The aim of the contest was to test students in computing-related majors to demonstrate their skills in programming and problem solving, network with students from other institutions and to prepare student teams for participating in global and regional programming events. This year, the contest was attended by 46 teams from 15 universities across the UAE and Gulf region. The contest lasted five hours, during which students attempted to solve nine programming problems.
The winning AUS team comprised Omar Al Muhairi, a senior student from the UAE who is double majoring in computer and mechanical engineering; Abdul Rahim Haddad , a senior student from Lebanon who is majoring in computer science; and Mohamed Amer, a senior student from Egypt majoring in computer engineering. The team was taught and guided by their coaches, Dr. Ghassan Qadah and Dr. Gerassimos Barlas, faculty members in the Department of Computer Science and Engineering.
"We feel very proud of these students for their dedication and hard work. We feel that they're on par with students of other colleges around the world. AUS has made it again!" said Dr. Qadah. He also talked about his experience as a coach and his participation in the contest. "I have been coaching students since I joined AUS 12 years ago. The contest is important locally, regionally and globally. Over the last six years, we have won many of the local and regional programming contests," he added.
Al Muhairi talked about the importance of the award, mentioning how previous AUS winners of the competition were accepted in the master's and PhD programs of prestigious universities including Stanford University and University of Calgary. Some other winners got job offers from some of the best employers in the world, including Microsoft and Facebook. "Teamwork was the key. The number-one point for students who want to win would be to practice and build teamwork skills," he said, giving advice to students who wish to follow his team's success.

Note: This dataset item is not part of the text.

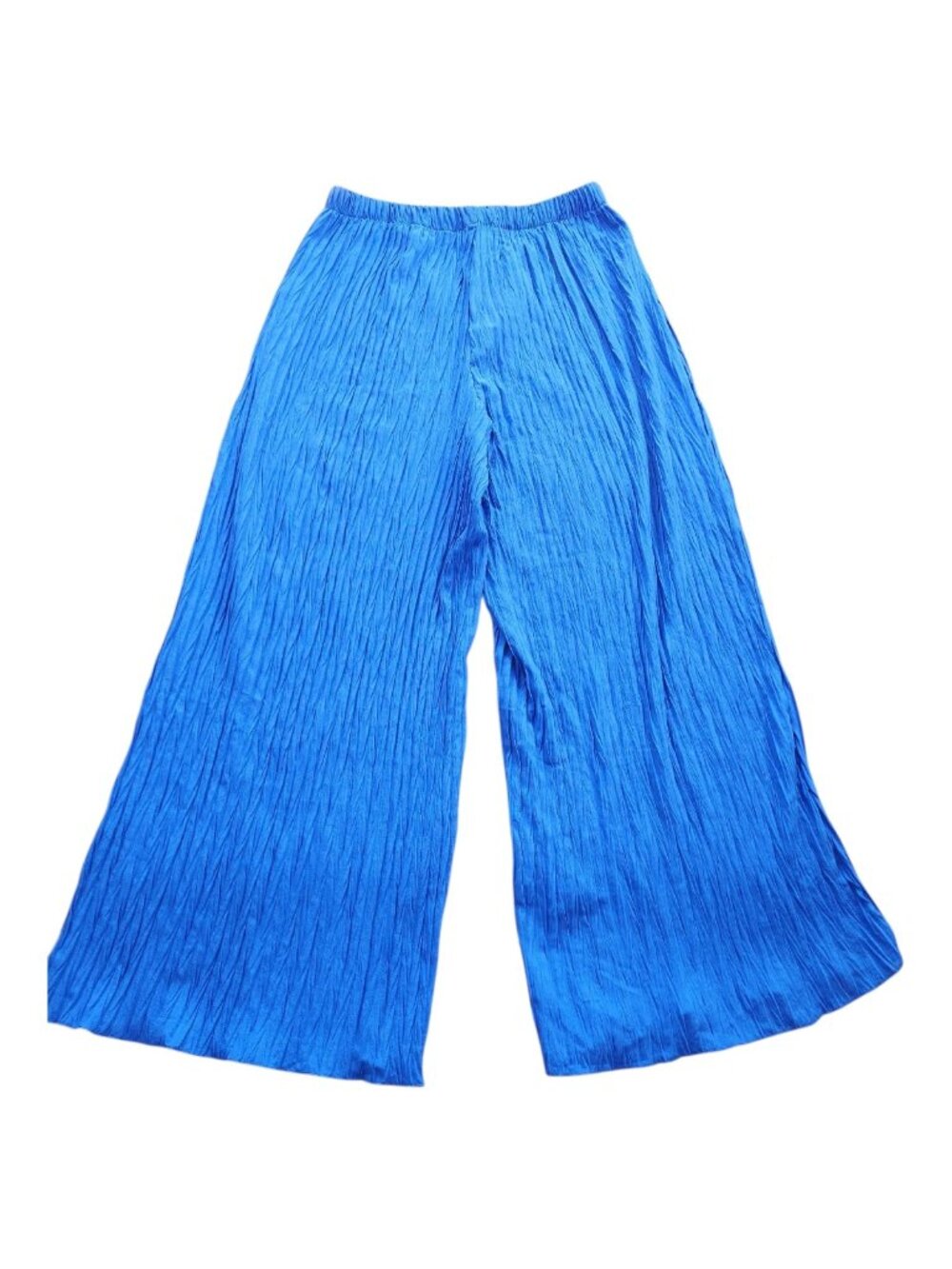 Boho Cobalt Blue Crinkle Palazzo Pants Wide Leg Pull On Flowy XL - Picture 2 of 10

"University can't always show us application behind our studies. The contest and the application required relates our methodical theories to our real-world skills," said Al Muhairi. All three students have ideas of what they want to do when they graduate, with Al Muhairi wishing pursue his PhD at MIT. Haddad and Amer, however, have slightly different plans. "We would like to go and work for Google. It's very challenging to get a job there, but at least by winning this competition, we might have a good chance," they said.